If the world’s production of plastics continues on its current trajectory, Ladrero said, it would account for a much larger portion of the carbon we could emit while staying on course to meet the most ambitious targets under the Paris Climate Agreement.

“By mid-century, plastics alone could consume 26 percent to 31 percent of the remaining carbon budget,” he said.

A global plastics treaty holds the promise of an elegant solution that addresses multiple environmental challenges at once. Limiting plastic production could help reduce the emissions warming our planet, the trash fouling our oceans and even the microplastics coursing through our bodies.

But doing so will involve overcoming opposition from some of the world’s wealthiest and most powerful political interests.

A Role for Recycling

The last round of talks on the global plastics treaty ended in stalemate when a handful of petroleum-producing countries objected to a cap on plastic production.

While many observers of the treaty process told Newsweek they still hope for a strong outcome from the talks now underway, many of them voiced skepticism about chances for any meaningful limit on plastics.

“I’m 60 percent [sure] that we will have a treaty,” Steve Alexander, president and CEO of the Association of Plastic Recyclers, said during a Newsweek panel discussion last month. “I’m much less optimistic we’ll have a treaty with any lasting teeth to it,” he said.

Another member of the panel, Professor Douglas McCauley, directs the Benioff Ocean Science Laboratory at the University of California, Santa Barbara. McCauley and his colleagues have modeled the potential effects of policies to rein in plastic waste and what the future will look like if we stay on the business-as-usual trajectory.

“Emissions increase immensely with business as usual, because we continue to extract oil and gas,” McCauley said. “It’s a 37 percent increase in emissions over where we’re at right now.”

In work published in the journal Science in December, McCauley and his co-authors found that without global policy intervention, greenhouse gas emissions related to plastics would rise to 3.35 gigatons by 2050. That’s about the same as the emissions from 9,000 natural gas-fired power plants operating for a year.

Capping global virgin plastic production at 2020 levels would be the best way to drive down both plastic waste and greenhouse gases from plastic, he said.

But a cap on plastic production is not the only option in play at the talks in Geneva, and McCauley’s team found other policies could also reduce emissions.

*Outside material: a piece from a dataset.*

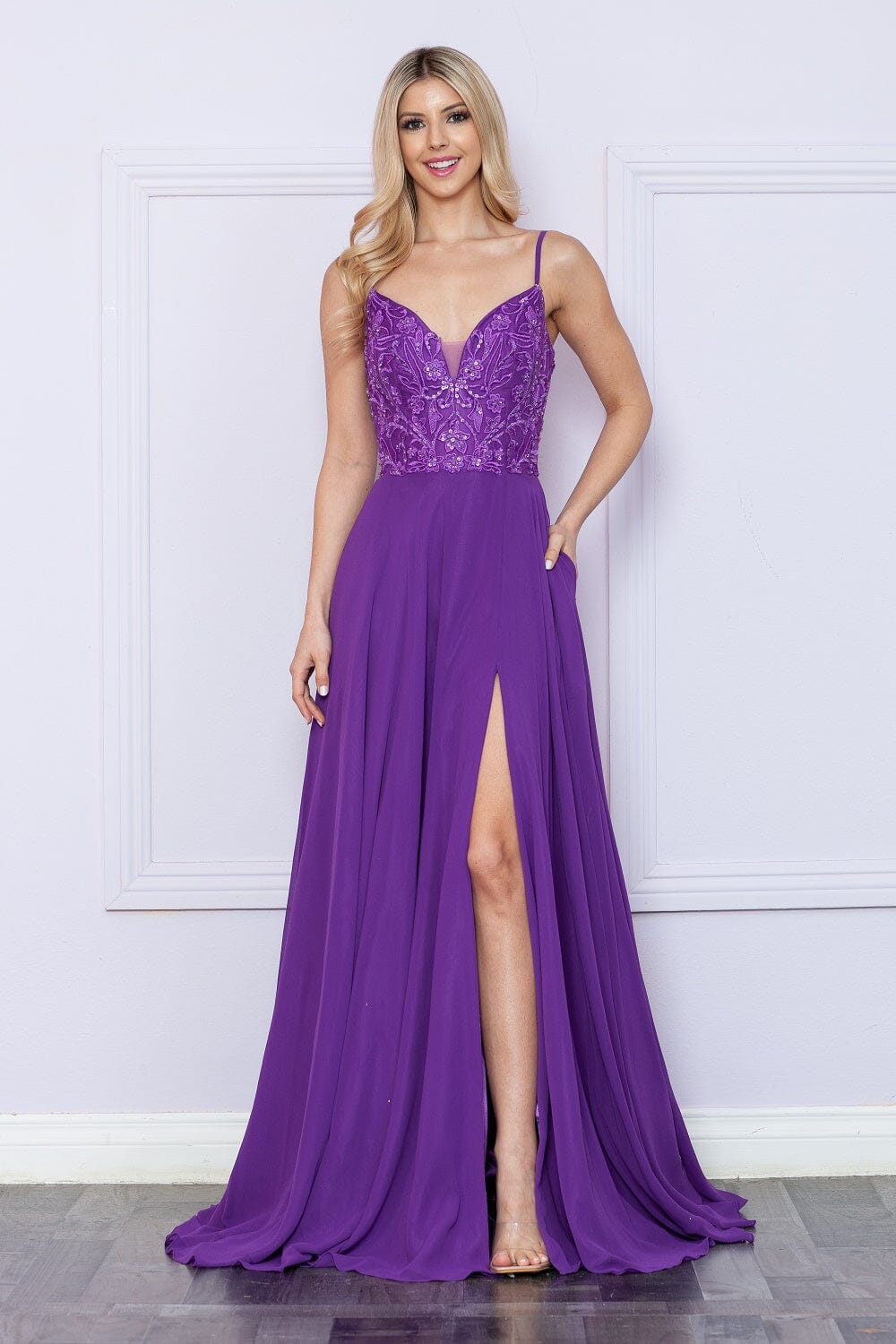 Purple V Neck Floor Length Glitter Chiffon Prom Dress with Sweep Train Formal Gown Poly USA 9368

A global mandate for plastic products to include a minimum of 40 percent recycled content could also take a big bite out of greenhouse gases.

“When you use recycled material, you reduce energy utilization versus using virgin material by almost 80 percent,” Alexander said. “You reduce your greenhouse gas emissions by a similar amount.”

Counting on Consumer Sentiment

Current global recycling rates for plastic hover at just under 10 percent. And while recycling can cut waste and emissions, it won’t eliminate them.

“Recycling will not solve the crisis we’re in when it comes to plastic,” CEO of Elopak Thomas Körmendi told Newsweek. “We need to find alternatives.”
Oslo-based Elopak is in the alternative packaging business, providing fiber-based cartons to major food and household product companies in more than 40 countries.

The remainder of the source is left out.